A Vania, da questo avvenimento in poi, inizia a cadere il mondo addosso.

Non il mondo vero bensì il mondo che lei stessa si era costruita, fatta di sarcasmo autodistruttivo, di bugie assurde e di una “retorica della sfiga” assai nota a diversi ragazzi e ragazze di quella età, secondo me.

Ecco che l’impalcatura di Vania viene giù, pezzo dopo pezzo, e c’è da preoccuparsi davvero che non resti schiacciata dal peso di questa frana che sembra inarrestabile. Anche nei momenti più duri, anzi forse proprio in quelli di più che in tutti gli altri, Vania vi regalerà un sorriso quando non una risata, il suo modo di provare pietà per se stessa è questo, produrre il riso negli altri…chissà se però questo basterà per ricomporsi.

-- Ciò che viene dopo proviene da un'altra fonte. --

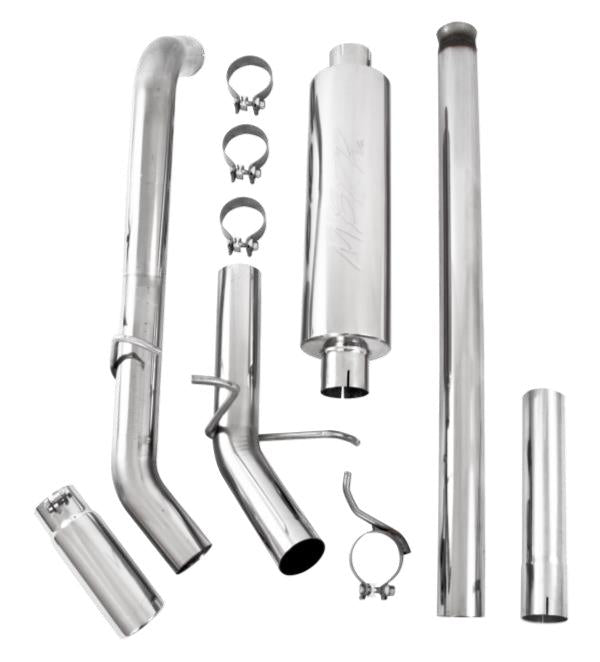 MBRP 14 Chevy/GMC Silverado/Sierra 4.3L V6/5.3L V8 single side exit T409 3-inch cat back exhaust system.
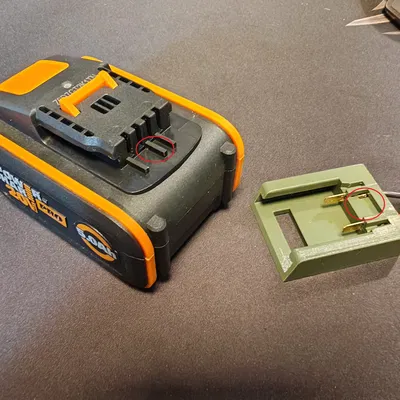 Đầu nối pin Worx 20V cải tiến cho thiết bị cũ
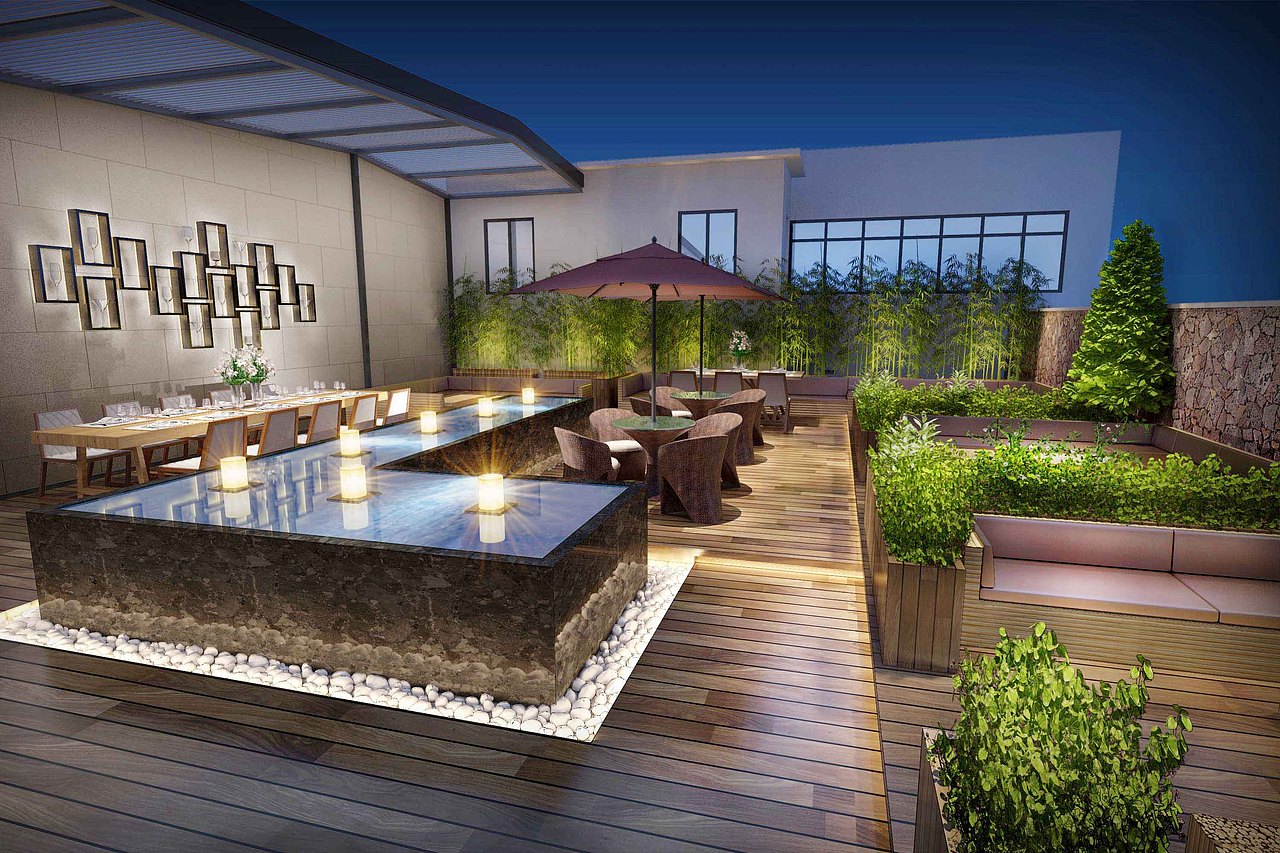 露天阳台咖啡厅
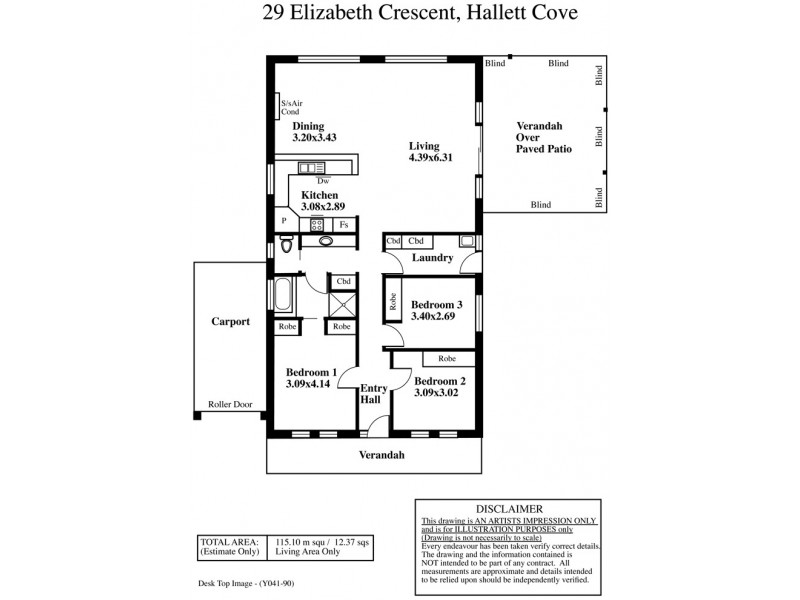 29 ELIZABETH CRESCENT, Hallett Cove SA 5158 Floorplan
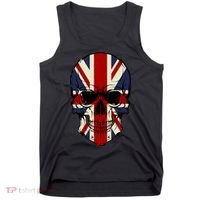 Skull Face British Flag Tank Top thumb 0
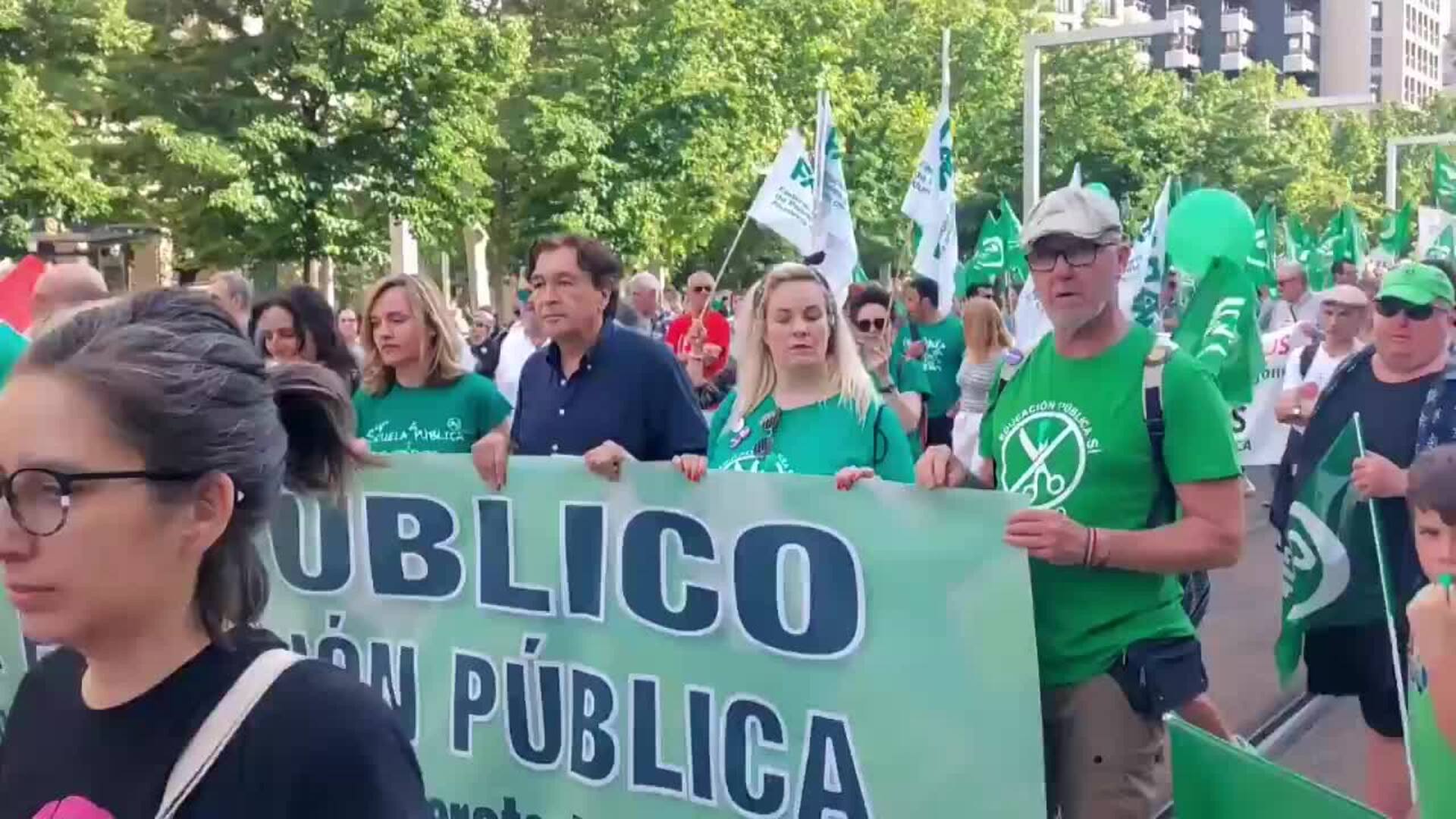Los sindicatos aragoneses cifran en un 55 % el seguimiento de la huelga ...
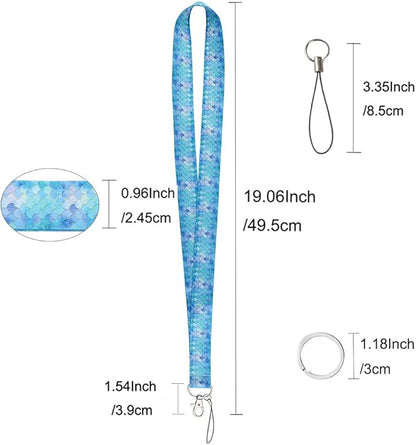 Yiflin Cute Neck Lanyard for Keys, Wallet, Id Card Holder, Cool Keychain Lanyard for Women, Men, Teacher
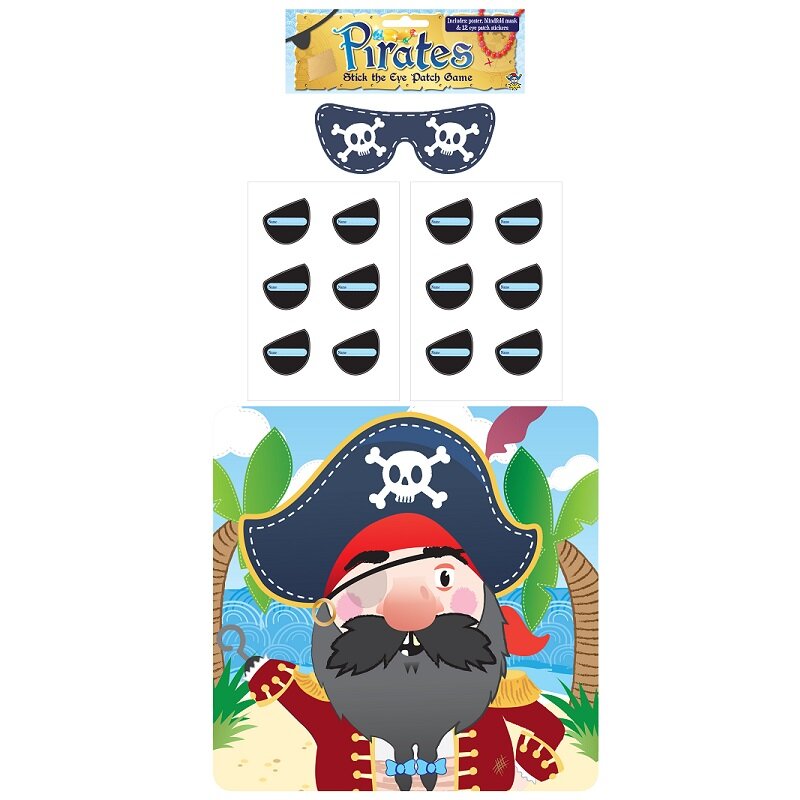 Partyspill Pirater 2-12 spillere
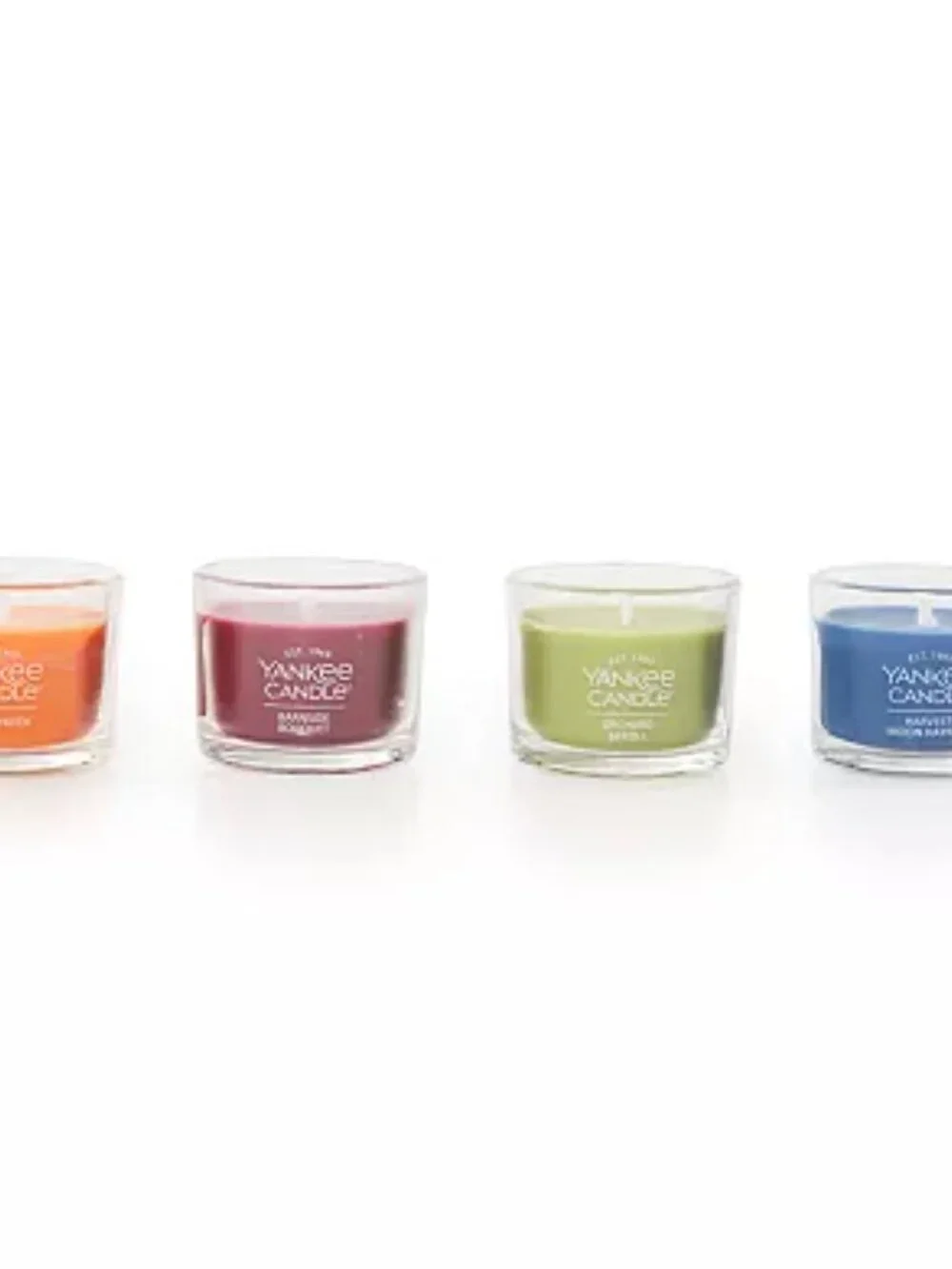Yankee Candle Fall Harvest 4-Piece Votive Candle Set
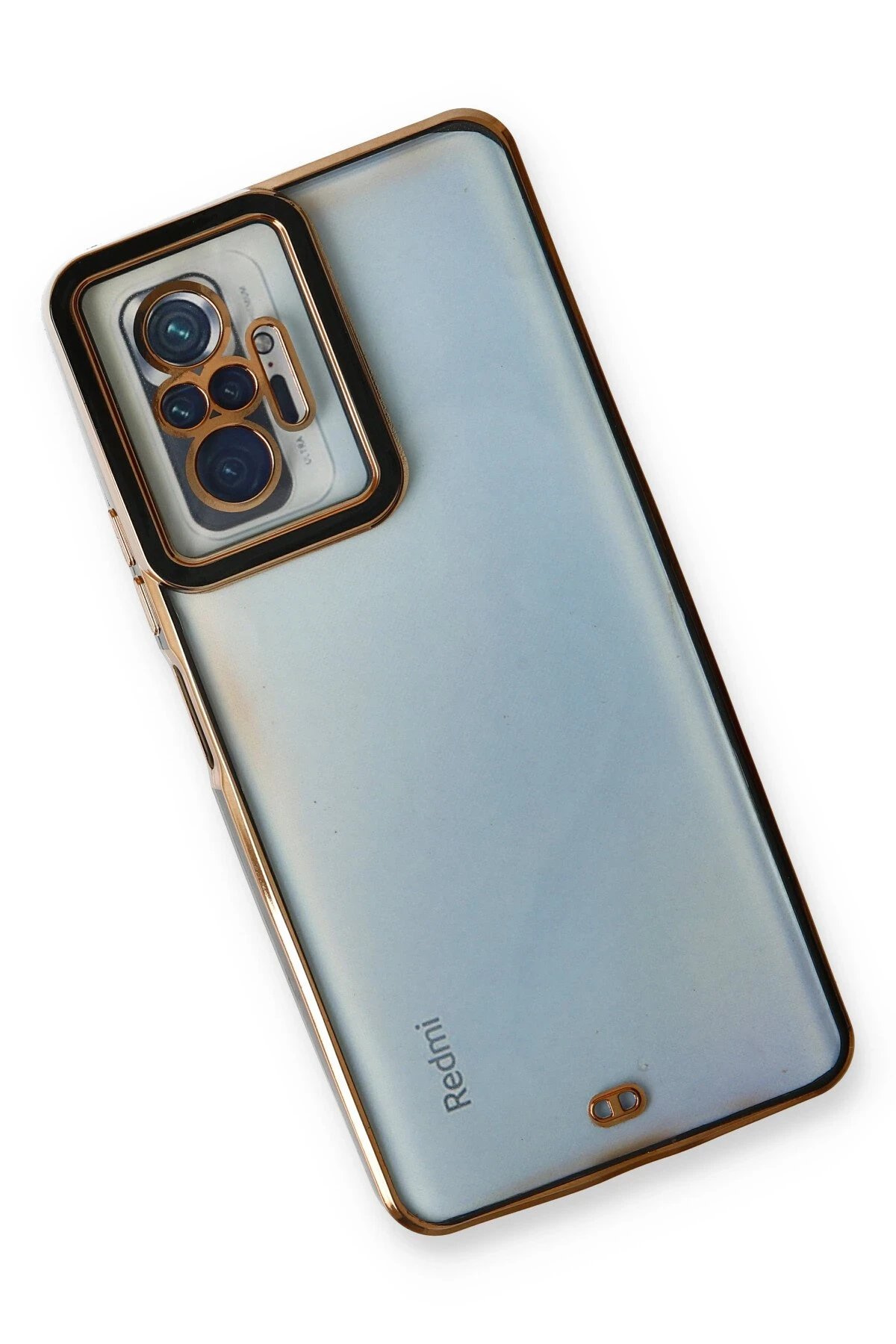 Newface Xiaomi Redmi Note 10 Pro Kılıf Liva Lens Silikon - Siyah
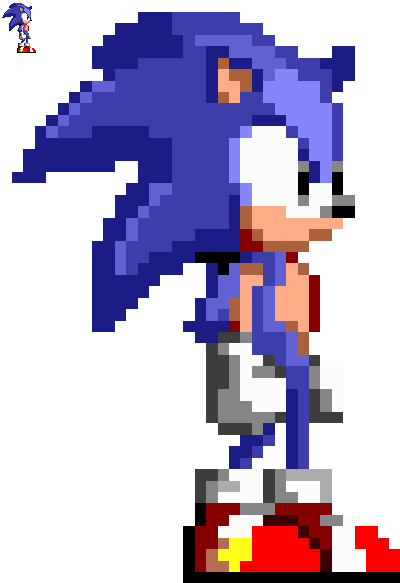 Sonic sprite MEGAPACK preview by evolvd-studios on DeviantArt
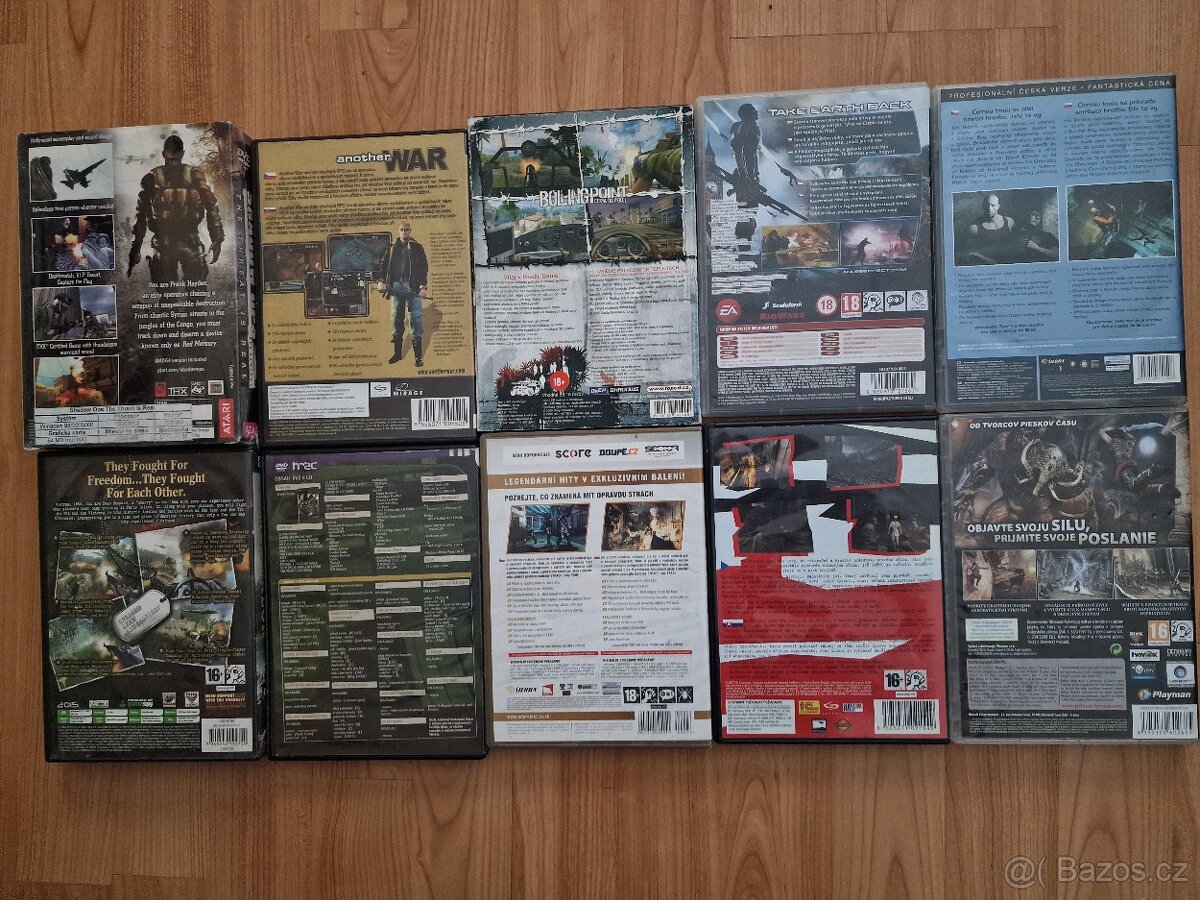 Staré PC hry. Viď foto. Niektoré nové. - 2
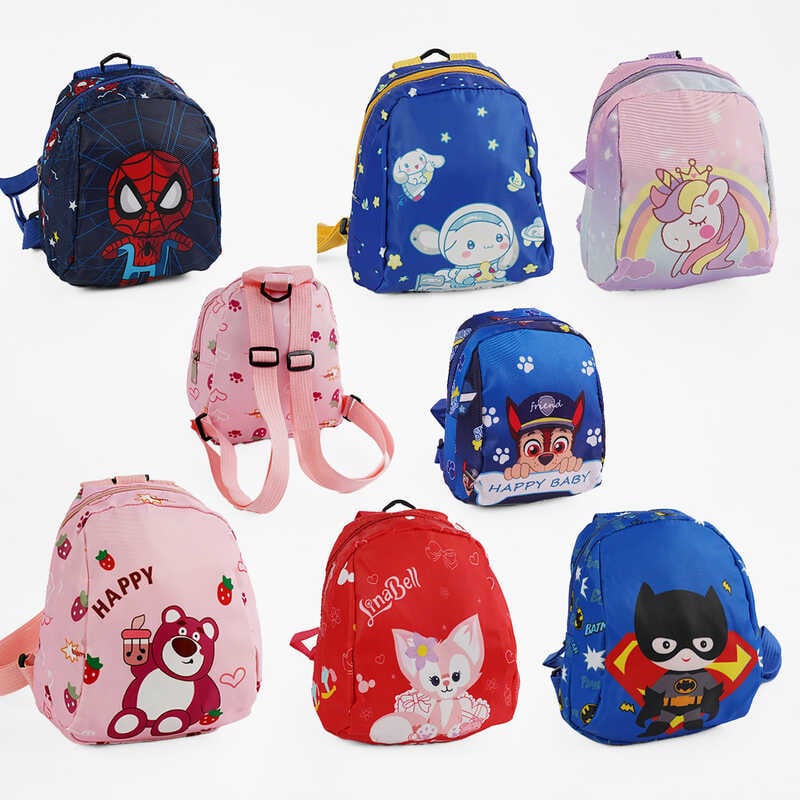 Рюкзак C 67128 (250) висота 20 см, ВИДАЄТЬСЯ ТІЛЬКИ МІКС ВИДІВ. в пакеті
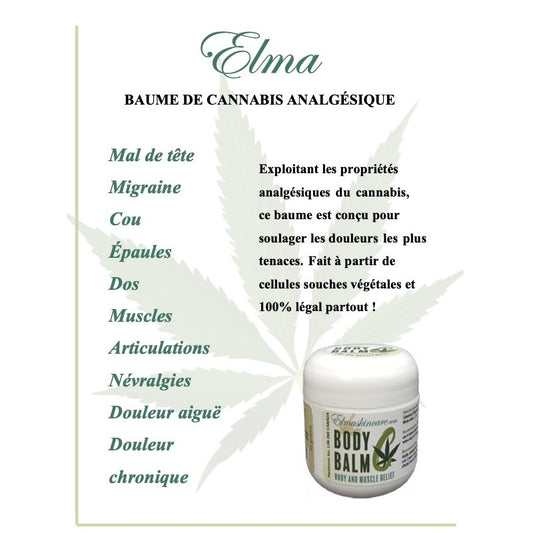 Baume Corporel apaisant C ELMA - 40 ml — Herboristerie Desjardins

Vania è un personaggio straordinario che ha per altro una percezione molto precisa di chi sta dall’altra parte del libro, del lettore o della lettrice, direttamente implicati nella narrazione, reso complice di tutto ciò che travolge Vania.

Mi vorrei davvero soffermare sui vari personaggi, andare a vedere come vengono costruiti e fatti muovere, come da essere figurine create dalla mente autodistruttiva di Vania, diventino personaggi a tutto tondo che si liberano della gabbia in cui la protagonista li mette, ma mi ci vorrebbe troppo tempo quindi vi risparmio e spero che vi godrete tutto questo nella lettura.

Chiudo con una riflessione che riprende quella di apertura: se indubbiamente la forza eccezionale di questo romanzo sta nel suo personaggio narrante, è ugualmente vero che è proprio grazie al suo modo d’essere che l’autrice può giocarsi tutto sul ritmo narrativo che è scandito da imprevedibili colpi di scena tali per cui ci troveremo, come Vania, a dover rimettere si i pezzetti noti di questa storia per ricomporla nella maniera “corretta”…. ammesso che vi sia poi una maniera corretta per rimporre una storia, una vita.

Il libro che rotola incessantemente verso la fine portandosi dietro tutto il dolore e il caos che ad una ragazza è concesso sopportare, chiude con un ultimo capitolo in corsivo, scritto in forma di lettera ad uno di quei personaggi secondari che non ho voluto svelarvi, in cui tutto si appiana, Vania finalmente sembra aver preso il sopravvento su quella parte di se stessa che la stava portando dritto dritto all’autodistruzione, un capitolo serendipico, se così posso dire, di cui devo dire sono anche grata all’autrice perché ci serviva di prendere un po’ d’aria, di sapere Vania al sicuro… da se stessa innanzitutto, e anche di rallentare il ritmo. Questo libro è un viaggio veloce e sulle montagne russe che arrivi all’ultima curva rallentando per riaccompagnarci con un minimo di fiducia nel mondo all momento di separazione tra mondo scritto e mondo non scritto non è affatto una brutta cosa!